> **Task input**:
=== Begin Enclosure ===

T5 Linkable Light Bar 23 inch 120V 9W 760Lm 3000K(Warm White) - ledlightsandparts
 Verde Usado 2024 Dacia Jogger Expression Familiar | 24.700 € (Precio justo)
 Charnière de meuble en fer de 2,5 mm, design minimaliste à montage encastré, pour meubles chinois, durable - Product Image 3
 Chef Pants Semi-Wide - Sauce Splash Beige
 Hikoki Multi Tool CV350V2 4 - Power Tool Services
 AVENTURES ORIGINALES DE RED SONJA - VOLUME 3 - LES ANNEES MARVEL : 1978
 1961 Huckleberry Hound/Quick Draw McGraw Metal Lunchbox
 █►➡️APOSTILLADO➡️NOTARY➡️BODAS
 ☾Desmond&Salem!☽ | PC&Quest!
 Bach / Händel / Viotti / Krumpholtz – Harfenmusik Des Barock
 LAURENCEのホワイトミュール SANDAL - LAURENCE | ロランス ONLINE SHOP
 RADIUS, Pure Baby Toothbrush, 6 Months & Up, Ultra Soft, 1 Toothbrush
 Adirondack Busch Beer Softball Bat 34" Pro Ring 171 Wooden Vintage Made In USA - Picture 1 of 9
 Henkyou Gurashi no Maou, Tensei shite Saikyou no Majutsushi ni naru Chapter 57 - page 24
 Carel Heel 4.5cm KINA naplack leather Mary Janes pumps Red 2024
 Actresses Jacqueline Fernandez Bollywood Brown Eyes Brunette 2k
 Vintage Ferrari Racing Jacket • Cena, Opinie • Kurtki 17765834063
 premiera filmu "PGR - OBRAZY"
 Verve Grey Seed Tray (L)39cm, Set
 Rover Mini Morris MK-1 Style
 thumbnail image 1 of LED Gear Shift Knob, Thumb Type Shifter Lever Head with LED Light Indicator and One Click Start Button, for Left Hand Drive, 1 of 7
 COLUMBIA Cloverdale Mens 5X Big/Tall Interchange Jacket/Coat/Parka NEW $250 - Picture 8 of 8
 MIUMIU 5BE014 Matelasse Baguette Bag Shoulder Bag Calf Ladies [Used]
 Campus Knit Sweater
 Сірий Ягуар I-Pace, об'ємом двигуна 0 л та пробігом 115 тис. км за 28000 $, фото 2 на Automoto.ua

=== End Enclosure ===

> **Instructions to follow**:
What is needed is an exact copy of the lines above, from the one containing "thumbnail image 1" through the one containing "COLUMBIA Cloverdale Mens", with nothing added.

> **Your solution**:
 thumbnail image 1 of LED Gear Shift Knob, Thumb Type Shifter Lever Head with LED Light Indicator and One Click Start Button, for Left Hand Drive, 1 of 7
 COLUMBIA Cloverdale Mens 5X Big/Tall Interchange Jacket/Coat/Parka NEW $250 - Picture 8 of 8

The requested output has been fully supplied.